Data excerpts

[Start of Attachment]

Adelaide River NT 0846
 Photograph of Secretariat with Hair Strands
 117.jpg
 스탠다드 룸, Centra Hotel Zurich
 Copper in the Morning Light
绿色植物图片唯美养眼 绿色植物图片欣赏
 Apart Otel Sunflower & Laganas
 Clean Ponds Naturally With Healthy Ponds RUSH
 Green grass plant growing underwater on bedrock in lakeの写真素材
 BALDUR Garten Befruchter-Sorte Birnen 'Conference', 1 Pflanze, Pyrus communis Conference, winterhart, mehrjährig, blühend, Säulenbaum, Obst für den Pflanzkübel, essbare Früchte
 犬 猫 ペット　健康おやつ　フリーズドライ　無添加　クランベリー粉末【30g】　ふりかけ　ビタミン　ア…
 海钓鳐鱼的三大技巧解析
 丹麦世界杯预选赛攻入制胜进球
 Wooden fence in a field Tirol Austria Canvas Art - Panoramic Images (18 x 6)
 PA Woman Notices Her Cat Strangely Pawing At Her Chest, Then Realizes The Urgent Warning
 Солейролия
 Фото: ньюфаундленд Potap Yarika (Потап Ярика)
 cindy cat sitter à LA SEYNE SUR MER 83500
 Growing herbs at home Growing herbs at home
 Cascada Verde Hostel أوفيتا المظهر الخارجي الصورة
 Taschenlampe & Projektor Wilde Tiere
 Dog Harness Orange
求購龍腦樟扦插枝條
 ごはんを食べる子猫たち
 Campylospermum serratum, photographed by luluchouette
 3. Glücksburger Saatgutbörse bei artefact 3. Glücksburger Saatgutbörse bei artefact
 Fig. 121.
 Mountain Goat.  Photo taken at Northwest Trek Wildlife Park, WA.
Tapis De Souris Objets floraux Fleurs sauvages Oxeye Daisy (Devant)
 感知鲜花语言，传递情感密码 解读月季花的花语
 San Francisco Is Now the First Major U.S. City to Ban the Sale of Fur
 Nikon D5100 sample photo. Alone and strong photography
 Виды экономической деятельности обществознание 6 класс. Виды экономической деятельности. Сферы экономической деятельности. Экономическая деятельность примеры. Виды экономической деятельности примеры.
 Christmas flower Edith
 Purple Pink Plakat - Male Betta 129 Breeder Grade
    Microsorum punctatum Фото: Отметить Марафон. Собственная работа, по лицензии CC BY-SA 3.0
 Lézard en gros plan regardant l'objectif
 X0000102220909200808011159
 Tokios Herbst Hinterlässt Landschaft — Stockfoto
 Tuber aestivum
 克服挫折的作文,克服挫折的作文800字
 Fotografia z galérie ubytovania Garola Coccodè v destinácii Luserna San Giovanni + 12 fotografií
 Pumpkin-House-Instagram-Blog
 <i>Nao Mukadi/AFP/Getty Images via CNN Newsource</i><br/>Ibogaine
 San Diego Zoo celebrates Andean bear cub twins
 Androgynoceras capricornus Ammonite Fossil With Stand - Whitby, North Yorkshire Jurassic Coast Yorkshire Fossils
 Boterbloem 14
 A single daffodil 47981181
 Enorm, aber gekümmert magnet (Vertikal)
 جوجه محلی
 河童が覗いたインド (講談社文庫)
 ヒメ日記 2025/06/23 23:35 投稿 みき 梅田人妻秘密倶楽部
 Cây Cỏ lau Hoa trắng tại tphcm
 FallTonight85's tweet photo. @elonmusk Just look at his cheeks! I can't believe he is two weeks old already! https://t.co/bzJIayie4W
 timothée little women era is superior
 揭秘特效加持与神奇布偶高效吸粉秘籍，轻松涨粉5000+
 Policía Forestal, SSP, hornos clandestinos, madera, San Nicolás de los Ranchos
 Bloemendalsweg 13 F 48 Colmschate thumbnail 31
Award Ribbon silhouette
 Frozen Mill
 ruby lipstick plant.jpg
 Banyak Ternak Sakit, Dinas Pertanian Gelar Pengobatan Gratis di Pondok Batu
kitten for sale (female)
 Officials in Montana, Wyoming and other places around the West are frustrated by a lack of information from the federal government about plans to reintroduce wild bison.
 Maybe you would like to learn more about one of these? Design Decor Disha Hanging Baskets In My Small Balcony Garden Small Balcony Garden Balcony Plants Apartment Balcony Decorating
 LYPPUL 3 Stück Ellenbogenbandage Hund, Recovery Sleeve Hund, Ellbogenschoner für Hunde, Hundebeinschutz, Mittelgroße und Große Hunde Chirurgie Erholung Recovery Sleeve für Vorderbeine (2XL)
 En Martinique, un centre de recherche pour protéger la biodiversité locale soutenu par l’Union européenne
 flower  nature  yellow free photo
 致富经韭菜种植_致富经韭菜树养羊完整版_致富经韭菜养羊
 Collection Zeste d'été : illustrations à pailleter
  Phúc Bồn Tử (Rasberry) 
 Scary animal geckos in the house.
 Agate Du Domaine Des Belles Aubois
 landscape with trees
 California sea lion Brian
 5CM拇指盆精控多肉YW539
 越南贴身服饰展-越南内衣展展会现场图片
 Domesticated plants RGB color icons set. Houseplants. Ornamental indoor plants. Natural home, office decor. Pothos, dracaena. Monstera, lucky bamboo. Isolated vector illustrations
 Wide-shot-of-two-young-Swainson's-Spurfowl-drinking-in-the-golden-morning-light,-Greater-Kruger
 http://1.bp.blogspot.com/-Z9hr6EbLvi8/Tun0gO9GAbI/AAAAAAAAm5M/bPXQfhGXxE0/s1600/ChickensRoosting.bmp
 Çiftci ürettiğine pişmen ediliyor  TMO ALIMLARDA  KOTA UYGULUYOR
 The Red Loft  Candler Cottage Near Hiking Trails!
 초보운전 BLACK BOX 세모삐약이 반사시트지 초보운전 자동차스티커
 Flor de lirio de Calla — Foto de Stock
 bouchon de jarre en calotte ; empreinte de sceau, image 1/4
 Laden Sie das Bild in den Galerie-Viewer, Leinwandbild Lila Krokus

[End of Attachment]

- What the task asks
Leave out every line above except those from the line with "Green grass plant" up to and including the line with "Microsorum punctatum Фото: Отметить", and copy those exactly.

- Your response
 Green grass plant growing underwater on bedrock in lakeの写真素材
 BALDUR Garten Befruchter-Sorte Birnen 'Conference', 1 Pflanze, Pyrus communis Conference, winterhart, mehrjährig, blühend, Säulenbaum, Obst für den Pflanzkübel, essbare Früchte
 犬 猫 ペット　健康おやつ　フリーズドライ　無添加　クランベリー粉末【30g】　ふりかけ　ビタミン　ア…
 海钓鳐鱼的三大技巧解析
 丹麦世界杯预选赛攻入制胜进球
 Wooden fence in a field Tirol Austria Canvas Art - Panoramic Images (18 x 6)
 PA Woman Notices Her Cat Strangely Pawing At Her Chest, Then Realizes The Urgent Warning
 Солейролия
 Фото: ньюфаундленд Potap Yarika (Потап Ярика)
 cindy cat sitter à LA SEYNE SUR MER 83500
 Growing herbs at home Growing herbs at home
 Cascada Verde Hostel أوفيتا المظهر الخارجي الصورة
 Taschenlampe & Projektor Wilde Tiere
 Dog Harness Orange
求購龍腦樟扦插枝條
 ごはんを食べる子猫たち
 Campylospermum serratum, photographed by luluchouette
 3. Glücksburger Saatgutbörse bei artefact 3. Glücksburger Saatgutbörse bei artefact
 Fig. 121.
 Mountain Goat.  Photo taken at Northwest Trek Wildlife Park, WA.
Tapis De Souris Objets floraux Fleurs sauvages Oxeye Daisy (Devant)
 感知鲜花语言，传递情感密码 解读月季花的花语
 San Francisco Is Now the First Major U.S. City to Ban the Sale of Fur
 Nikon D5100 sample photo. Alone and strong photography
 Виды экономической деятельности обществознание 6 класс. Виды экономической деятельности. Сферы экономической деятельности. Экономическая деятельность примеры. Виды экономической деятельности примеры.
 Christmas flower Edith
 Purple Pink Plakat - Male Betta 129 Breeder Grade
    Microsorum punctatum Фото: Отметить Марафон. Собственная работа, по лицензии CC BY-SA 3.0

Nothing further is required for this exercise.